TrainData = torch.from_numpy(np.array(TrainData).astype(dtype = "float32"))
TestData = torch.from_numpy(np.array(TestData).astype(dtype = "float32"))
TrainOutput = torch.from_numpy(np.array(TrainOutput).astype(dtype = "int64"))
TestOutput = torch.from_numpy(np.array(TestOutput).astype(dtype = "int64"))


class Data(Dataset):
    def __init__(self):
        self.x = (TrainData)
        self.y = (TrainOutput)
        self.len = self.x.shape[0]

    def __getitem__(self, index):
        return self.x[index], self.y[index]

    def __len__(self):
        return self.len

"""samples_weight=torch.from_numpy(np.array([weights[t] for t in TrainOutput]))"""

"""samples_weight = weights"""
"""sampler = WeightedRandomSampler(samples_weight, len(samples_weight), replacement = True)

print(samples_weight.tolist())"""

class Net(nn.Module):
    def __init__(self, D_in, H1, H2, H3, D_out):
        super(Net, self).__init__()
        self.linear1 = nn.Linear(D_in, H1)
        self.linear2 = nn.Linear(H1, H2)
        self.linear3 = nn.Linear(H2, H3)
        self.linear4 = nn.Linear(H3, D_out)

    def forward(self, x):
        x = torch.sigmoid(self.linear1(x))
        x = torch.sigmoid(self.linear2(x))
        x = torch.sigmoid(self.linear3(x))
        x = torch.sigmoid(self.linear4(x))
        return x


input_dim = 2
hidden_layer1 = 4
hidden_layer2 = 8
hidden_layer3 = 10
output_classes = 9

model = Net(input_dim, hidden_layer1, hidden_layer2, hidden_layer3, output_classes)
z = model(TestData)
print(z)
trainloader = DataLoader(dataset = Data(), batch_size = 500)



Loss = nn.CrossEntropyLoss()

learning_rate = 0.1
optimizer = torch.optim.SGD(model.parameters(), lr = learning_rate, momentum = 0.9)

n_epochs = 3
loss_list = []

for epoch in range(n_epochs):
    for x, y in trainloader:
        optimizer.zero_grad()
        z = model(x)
        loss = Loss(z, y)
        loss.backward()
        optimizer.step()
        loss_list.append(loss.data)
    
    print("Epoch is", epoch)


z = model(TestData)
print(z)
maximum, prediction = (torch.max(z.data,1))

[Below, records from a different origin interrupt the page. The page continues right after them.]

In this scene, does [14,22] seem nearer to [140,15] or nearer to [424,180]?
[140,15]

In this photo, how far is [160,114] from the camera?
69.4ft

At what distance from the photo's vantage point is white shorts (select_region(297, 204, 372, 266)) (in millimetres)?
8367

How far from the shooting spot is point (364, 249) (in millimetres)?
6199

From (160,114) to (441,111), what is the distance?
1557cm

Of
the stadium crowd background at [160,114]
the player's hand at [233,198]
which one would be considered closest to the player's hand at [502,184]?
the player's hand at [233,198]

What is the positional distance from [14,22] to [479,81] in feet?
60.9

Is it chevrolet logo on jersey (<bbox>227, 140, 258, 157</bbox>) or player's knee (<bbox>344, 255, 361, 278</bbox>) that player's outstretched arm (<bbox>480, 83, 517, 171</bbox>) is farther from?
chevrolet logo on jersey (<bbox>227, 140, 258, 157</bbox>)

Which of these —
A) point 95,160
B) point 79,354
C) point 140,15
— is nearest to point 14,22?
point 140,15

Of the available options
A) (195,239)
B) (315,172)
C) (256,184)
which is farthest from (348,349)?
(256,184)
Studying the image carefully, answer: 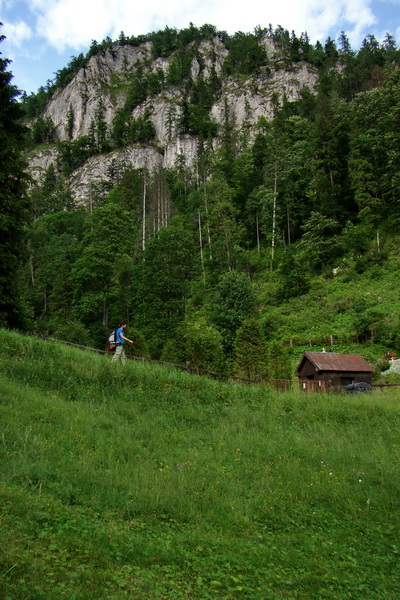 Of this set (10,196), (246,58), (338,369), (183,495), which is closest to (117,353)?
(183,495)

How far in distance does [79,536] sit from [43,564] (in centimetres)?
91

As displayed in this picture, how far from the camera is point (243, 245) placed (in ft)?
197

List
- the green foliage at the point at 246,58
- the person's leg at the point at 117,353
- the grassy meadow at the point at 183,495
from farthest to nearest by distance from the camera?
the green foliage at the point at 246,58, the person's leg at the point at 117,353, the grassy meadow at the point at 183,495

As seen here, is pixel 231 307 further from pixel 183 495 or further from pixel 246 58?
pixel 246 58

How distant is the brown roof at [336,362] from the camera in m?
26.2

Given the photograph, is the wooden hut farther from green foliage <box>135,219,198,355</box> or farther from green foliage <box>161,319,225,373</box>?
green foliage <box>135,219,198,355</box>

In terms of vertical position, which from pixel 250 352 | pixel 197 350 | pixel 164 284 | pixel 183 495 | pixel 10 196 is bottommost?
pixel 183 495

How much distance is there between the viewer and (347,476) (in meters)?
8.41

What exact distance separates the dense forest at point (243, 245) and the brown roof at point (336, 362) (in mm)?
2075

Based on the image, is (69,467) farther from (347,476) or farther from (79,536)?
(347,476)

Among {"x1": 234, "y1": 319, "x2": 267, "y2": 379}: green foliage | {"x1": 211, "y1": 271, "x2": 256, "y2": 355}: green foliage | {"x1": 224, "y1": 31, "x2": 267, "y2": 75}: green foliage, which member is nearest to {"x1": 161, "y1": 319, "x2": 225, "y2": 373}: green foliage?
{"x1": 234, "y1": 319, "x2": 267, "y2": 379}: green foliage

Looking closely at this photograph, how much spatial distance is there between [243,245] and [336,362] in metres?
35.4

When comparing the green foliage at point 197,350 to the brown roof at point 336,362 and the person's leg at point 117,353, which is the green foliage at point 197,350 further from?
the person's leg at point 117,353

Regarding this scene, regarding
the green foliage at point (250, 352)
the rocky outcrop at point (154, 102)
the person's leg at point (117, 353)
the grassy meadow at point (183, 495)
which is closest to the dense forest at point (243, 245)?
the green foliage at point (250, 352)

prediction = prediction.tolist()


a = 0
b = 0.0

for index, item in enumerate(prediction):
    if item == TestOutput[index]:
        a += 1
    b += 1

print("Accuracy is", (100 * a / b),"%.")

and this is the output:

tensor([[0.4654, 0.5800, 0.6331,  ..., 0.4935, 0.4560, 0.3975],
        [0.4654, 0.5800, 0.6331,  ..., 0.4935, 0.4560, 0.3975],
        [0.4654, 0.5800, 0.6331,  ..., 0.4935, 0.4560, 0.3975],
        ...,
        [0.4654, 0.5800, 0.6331,  ..., 0.4935, 0.4560, 0.3975],
        [0.4654, 0.5800, 0.6331,  ..., 0.4935, 0.4560, 0.3975],
        [0.4654, 0.5800, 0.6331,  ..., 0.4935, 0.4560, 0.3975]],
       grad_fn=<SigmoidBackward0>)
Epoch is 0
Epoch is 1
Epoch is 2
tensor([[0.0085, 0.0085, 0.0094,  ..., 0.9987, 0.0078, 0.0130],
        [0.0085, 0.0085, 0.0094,  ..., 0.9987, 0.0078, 0.0130],
        [0.0085, 0.0085, 0.0094,  ..., 0.9987, 0.0078, 0.0130],
        ...,
        [0.0085, 0.0085, 0.0094,  ..., 0.9987, 0.0078, 0.0130],
        [0.0085, 0.0085, 0.0094,  ..., 0.9987, 0.0078, 0.0130],
        [0.0085, 0.0085, 0.0094,  ..., 0.9987, 0.0078, 0.0130]],
       grad_fn=<SigmoidBackward0>)
Accuracy is 48.01211098426565 %.

Is there a known case or error that would result in all of the outputs being the same. Also, how many layers and activation functions would you recommend I use?

Thanks,
Rishav

The problem also persists with random data being inputted.